For all too many college students today, it is not enough to agree with them on some things, one must accept their entire agenda, all at once, or be branded an intolerant, close-minded bigot and enemy of progress. And they will tolerate anything in the world except for objective truth, a conservative speaking on campus, or open disagreement with their exalted notions. This is why surveys show such a sizeable minority of college students are currently in favor of overt censorship of speech.
Mr. King delivered this speech in 1963. Most people weren’t aware that there was a LGBTQ community. Frankly, most people were quite content with the (now stultifying) 2-sex system. MLK literally couldn’t have dreamt of the 57 or 63 or whatever number of different genders are officially recognized now. What did these comfort-craving, coddled, crazy college kids expect him to have said?

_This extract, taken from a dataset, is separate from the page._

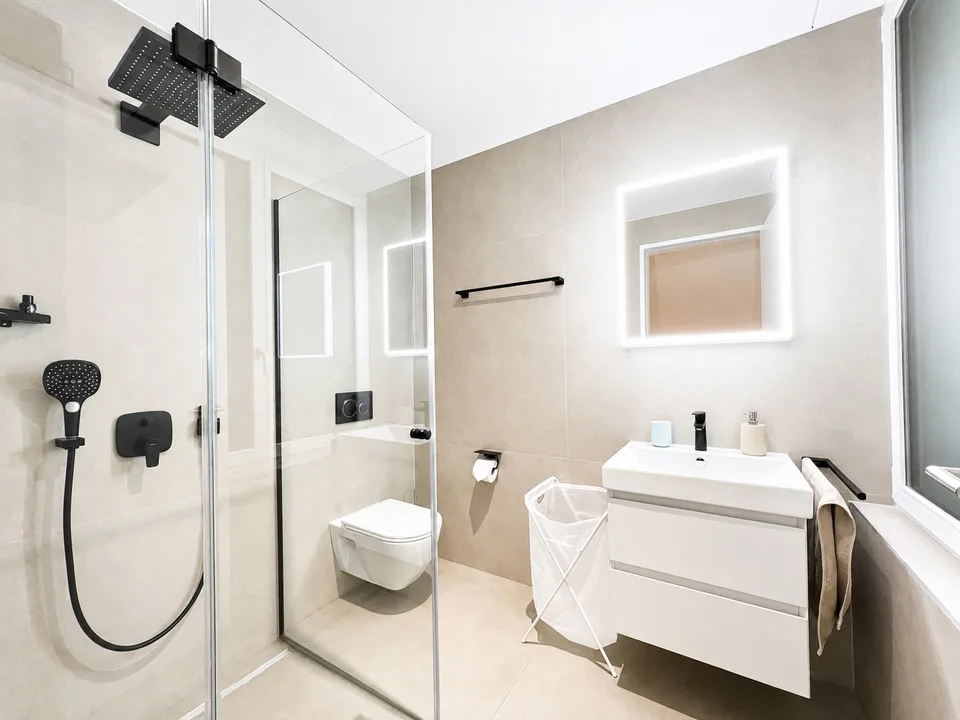 💎 Appartamento spazioso & completamente arredato di 4.5 locali con balcone & vista mozzafiato a Embrach – foto 20 di 27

Perhaps: “When we allow freedom to ring- when we let it ring from every city and every hamlet, from every state and every city, we will be able to speed up that day when all of God’s children, black men and white men, Jews and Gentiles, Protestants and Catholics, feminists and NAZI’s, gays and lesbians, bisexuals and agenders, atheists and pagans, gender fluid and non-binaries, devil-worshippers and Muslims, two-spirits and pangenders, neutrois and trans*, will be able to join hands and sing in the words of the old Negro spiritual, “Free at last, Free at last, Great God a-mighty, we are free at last.”?
Dr. King famously said, "I have a dream that my four little children will one day live in a nation where they will not be judged by the color of their skin but by the content of their character."
For those truly listening, doesn't that say it all?